All 10 runs scored on homers. Thomas, Konerko and Norton homered in a five-run sixth inning.
"It's contagious," Thomas said. "It's the best we've hit the ball in a long time."
Norton had his fourth straight multi-hit game and has eight hits in his last 15 at-bats.
"I just got some good pitches to drive and put a decent swing on them," Norton said. "I try to take every at-bat as it comes and concentrate and drive the ball."
Almost lost in the White Sox power show was an excellent outing by Jaime Navarro (3-4), who had been 0-3 lifetime at Tiger Stadium. He gave up seven hits and one run in seven-plus innings.
"I only made one mistake," Navarro said. "Beside that I was throwing sinkers and sliders to everyone else and moved the ball around."
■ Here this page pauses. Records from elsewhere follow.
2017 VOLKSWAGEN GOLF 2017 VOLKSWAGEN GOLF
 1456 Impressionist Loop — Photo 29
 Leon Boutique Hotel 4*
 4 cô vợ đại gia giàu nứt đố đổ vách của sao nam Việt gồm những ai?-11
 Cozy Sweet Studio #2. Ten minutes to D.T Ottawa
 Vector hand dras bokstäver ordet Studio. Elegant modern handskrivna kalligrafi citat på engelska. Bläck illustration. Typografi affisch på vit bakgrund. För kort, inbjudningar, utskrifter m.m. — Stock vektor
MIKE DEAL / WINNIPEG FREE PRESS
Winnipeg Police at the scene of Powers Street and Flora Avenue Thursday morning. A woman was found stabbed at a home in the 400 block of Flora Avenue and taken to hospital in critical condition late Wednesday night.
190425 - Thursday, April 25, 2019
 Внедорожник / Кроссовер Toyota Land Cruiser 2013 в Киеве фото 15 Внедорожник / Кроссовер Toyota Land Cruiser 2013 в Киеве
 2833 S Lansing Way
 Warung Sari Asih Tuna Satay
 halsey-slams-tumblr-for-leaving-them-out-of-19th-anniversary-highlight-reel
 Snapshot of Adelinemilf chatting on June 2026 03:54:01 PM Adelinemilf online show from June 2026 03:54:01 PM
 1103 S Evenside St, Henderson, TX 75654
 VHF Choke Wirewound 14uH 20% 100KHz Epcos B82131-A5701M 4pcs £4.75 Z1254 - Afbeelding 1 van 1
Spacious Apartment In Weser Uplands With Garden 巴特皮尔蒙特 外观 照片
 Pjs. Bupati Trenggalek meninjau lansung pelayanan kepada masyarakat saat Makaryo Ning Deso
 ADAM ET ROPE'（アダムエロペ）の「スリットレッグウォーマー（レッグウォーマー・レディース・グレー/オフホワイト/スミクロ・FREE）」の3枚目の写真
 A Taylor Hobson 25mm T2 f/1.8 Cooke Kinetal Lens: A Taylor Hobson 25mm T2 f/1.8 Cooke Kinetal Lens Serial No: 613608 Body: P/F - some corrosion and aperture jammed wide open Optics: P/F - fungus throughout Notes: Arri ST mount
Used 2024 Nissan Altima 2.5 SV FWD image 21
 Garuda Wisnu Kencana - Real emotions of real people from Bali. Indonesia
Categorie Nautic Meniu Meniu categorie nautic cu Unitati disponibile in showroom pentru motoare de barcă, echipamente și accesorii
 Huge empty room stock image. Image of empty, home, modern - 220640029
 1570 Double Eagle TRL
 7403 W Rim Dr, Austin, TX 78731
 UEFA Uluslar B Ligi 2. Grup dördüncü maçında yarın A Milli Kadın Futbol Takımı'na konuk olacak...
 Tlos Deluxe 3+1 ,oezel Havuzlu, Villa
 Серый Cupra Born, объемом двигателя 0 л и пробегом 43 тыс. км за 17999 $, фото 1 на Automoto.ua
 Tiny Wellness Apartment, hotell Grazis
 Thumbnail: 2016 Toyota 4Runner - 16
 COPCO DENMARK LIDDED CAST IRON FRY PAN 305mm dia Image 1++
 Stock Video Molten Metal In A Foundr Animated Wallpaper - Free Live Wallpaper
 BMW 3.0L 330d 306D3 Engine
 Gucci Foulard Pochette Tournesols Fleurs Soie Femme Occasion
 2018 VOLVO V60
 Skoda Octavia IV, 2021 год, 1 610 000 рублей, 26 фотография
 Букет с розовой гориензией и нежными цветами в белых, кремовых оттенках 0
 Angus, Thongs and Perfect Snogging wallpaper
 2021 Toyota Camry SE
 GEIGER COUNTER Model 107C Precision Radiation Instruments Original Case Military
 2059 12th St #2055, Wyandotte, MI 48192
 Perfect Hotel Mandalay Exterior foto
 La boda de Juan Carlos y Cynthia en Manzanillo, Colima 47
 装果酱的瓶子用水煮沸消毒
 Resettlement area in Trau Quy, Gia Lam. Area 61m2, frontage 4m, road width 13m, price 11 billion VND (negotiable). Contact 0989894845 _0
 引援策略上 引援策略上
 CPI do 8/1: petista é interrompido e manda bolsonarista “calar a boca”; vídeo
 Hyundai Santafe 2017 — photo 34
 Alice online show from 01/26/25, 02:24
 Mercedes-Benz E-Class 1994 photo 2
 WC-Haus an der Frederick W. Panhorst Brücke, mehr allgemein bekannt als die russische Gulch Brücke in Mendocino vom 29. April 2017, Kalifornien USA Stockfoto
Justin Thompson (4-6) allowed seven runs and 10 hits, including four homers, in five-plus innings. He lost his fourth straight decision after four straight wins.
"I don't know if it was just a frustration thing," Detroit manager Larry Parrish said. "He did pretty good through five, then after that he went back in the next inning and it was like he lost it."
Thomas homered on a 3-0 pitch to start the sixh, his first home run since May 7. Konerko had a three-run shot that finished Thompson and Norton greeted reliever Bryce Florie with a home run.
Fordyce hit a solo homer in the third and Durham had a two-run shot in the fifth.
Garcia's homer was a high blast that cleared the right-field roof on the fly and landed on the roof of a lumber yard on the opposite side of the street. It was the 30th homer over the right-field roof since Tiger Stadium took on its present configuration in 1938.
"I got really excited after I saw it go over the roof and everything," Garcia said. "But it would've been better to have a win. I'd change that in a heartbeat."
Garcia's blast was the third roof-clearing homer Navarro has allowed in Detroit. Mickey Tettleton in 1991 and Chad Kreuter in 1994 also took him completely out of the park.
"That's not bad. That's good," Navarro said. "Now I go in the books."